[Items from a data source]
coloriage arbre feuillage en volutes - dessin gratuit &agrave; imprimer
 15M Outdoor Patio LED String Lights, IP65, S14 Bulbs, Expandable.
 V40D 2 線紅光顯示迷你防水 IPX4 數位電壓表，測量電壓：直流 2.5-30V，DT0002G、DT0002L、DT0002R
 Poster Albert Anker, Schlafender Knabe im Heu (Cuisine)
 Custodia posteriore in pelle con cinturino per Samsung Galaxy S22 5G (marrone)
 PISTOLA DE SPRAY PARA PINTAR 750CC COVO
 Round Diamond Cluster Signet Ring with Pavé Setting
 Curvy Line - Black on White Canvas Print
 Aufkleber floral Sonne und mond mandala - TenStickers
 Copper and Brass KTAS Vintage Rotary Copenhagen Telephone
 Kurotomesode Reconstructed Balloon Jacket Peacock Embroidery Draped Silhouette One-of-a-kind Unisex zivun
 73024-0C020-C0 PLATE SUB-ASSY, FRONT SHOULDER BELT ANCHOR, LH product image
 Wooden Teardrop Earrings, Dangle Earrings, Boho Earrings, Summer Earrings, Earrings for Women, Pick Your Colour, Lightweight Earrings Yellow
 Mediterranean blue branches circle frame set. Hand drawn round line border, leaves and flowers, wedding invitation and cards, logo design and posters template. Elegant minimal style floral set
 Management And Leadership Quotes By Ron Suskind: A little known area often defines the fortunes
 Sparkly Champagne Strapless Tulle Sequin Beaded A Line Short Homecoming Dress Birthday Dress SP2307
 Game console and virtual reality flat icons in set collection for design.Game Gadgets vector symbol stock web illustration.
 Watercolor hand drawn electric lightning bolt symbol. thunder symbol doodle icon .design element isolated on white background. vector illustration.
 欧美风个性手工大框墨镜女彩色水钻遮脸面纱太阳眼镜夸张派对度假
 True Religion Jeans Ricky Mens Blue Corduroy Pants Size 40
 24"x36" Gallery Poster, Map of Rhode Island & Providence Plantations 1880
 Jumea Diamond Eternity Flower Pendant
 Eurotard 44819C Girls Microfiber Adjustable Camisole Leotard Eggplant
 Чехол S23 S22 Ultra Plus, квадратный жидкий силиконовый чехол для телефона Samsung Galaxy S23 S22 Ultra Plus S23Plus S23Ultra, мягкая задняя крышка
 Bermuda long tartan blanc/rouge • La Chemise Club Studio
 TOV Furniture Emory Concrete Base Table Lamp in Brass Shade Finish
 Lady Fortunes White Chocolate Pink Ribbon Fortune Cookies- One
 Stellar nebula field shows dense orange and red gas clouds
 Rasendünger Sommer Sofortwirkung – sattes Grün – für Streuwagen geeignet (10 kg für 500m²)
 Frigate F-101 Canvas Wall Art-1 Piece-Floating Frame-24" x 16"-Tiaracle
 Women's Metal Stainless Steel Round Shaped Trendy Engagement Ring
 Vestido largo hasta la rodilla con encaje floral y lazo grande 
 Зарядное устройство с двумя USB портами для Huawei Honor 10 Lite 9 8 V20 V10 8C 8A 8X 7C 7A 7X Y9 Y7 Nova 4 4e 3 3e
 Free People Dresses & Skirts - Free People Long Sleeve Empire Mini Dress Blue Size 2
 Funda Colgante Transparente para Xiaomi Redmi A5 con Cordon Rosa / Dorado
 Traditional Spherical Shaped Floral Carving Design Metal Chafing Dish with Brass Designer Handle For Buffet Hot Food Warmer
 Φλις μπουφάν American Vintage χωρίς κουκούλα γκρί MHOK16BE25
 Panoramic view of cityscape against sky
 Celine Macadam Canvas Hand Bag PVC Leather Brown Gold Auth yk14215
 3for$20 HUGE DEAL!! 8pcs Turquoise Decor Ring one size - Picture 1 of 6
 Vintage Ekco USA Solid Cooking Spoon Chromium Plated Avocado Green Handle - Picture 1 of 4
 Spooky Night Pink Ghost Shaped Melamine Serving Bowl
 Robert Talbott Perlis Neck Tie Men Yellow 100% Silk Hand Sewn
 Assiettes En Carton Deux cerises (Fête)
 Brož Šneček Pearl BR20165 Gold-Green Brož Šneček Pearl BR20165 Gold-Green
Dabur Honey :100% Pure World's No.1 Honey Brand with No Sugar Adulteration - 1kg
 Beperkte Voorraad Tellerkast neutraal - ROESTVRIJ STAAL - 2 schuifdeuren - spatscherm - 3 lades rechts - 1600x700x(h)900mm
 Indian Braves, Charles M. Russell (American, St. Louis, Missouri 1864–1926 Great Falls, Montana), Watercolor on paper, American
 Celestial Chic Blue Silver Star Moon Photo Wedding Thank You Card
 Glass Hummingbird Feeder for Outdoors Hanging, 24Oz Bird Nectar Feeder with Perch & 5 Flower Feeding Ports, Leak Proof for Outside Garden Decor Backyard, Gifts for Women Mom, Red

Work required —
Using the entries above, repeat only the lines from the one containing "Kurotomesode Reconstructed Balloon" through the one containing "TOV Furniture Emory", end lines included.

Answer space —
 Kurotomesode Reconstructed Balloon Jacket Peacock Embroidery Draped Silhouette One-of-a-kind Unisex zivun
 73024-0C020-C0 PLATE SUB-ASSY, FRONT SHOULDER BELT ANCHOR, LH product image
 Wooden Teardrop Earrings, Dangle Earrings, Boho Earrings, Summer Earrings, Earrings for Women, Pick Your Colour, Lightweight Earrings Yellow
 Mediterranean blue branches circle frame set. Hand drawn round line border, leaves and flowers, wedding invitation and cards, logo design and posters template. Elegant minimal style floral set
 Management And Leadership Quotes By Ron Suskind: A little known area often defines the fortunes
 Sparkly Champagne Strapless Tulle Sequin Beaded A Line Short Homecoming Dress Birthday Dress SP2307
 Game console and virtual reality flat icons in set collection for design.Game Gadgets vector symbol stock web illustration.
 Watercolor hand drawn electric lightning bolt symbol. thunder symbol doodle icon .design element isolated on white background. vector illustration.
 欧美风个性手工大框墨镜女彩色水钻遮脸面纱太阳眼镜夸张派对度假
 True Religion Jeans Ricky Mens Blue Corduroy Pants Size 40
 24"x36" Gallery Poster, Map of Rhode Island & Providence Plantations 1880
 Jumea Diamond Eternity Flower Pendant
 Eurotard 44819C Girls Microfiber Adjustable Camisole Leotard Eggplant
 Чехол S23 S22 Ultra Plus, квадратный жидкий силиконовый чехол для телефона Samsung Galaxy S23 S22 Ultra Plus S23Plus S23Ultra, мягкая задняя крышка
 Bermuda long tartan blanc/rouge • La Chemise Club Studio
 TOV Furniture Emory Concrete Base Table Lamp in Brass Shade Finish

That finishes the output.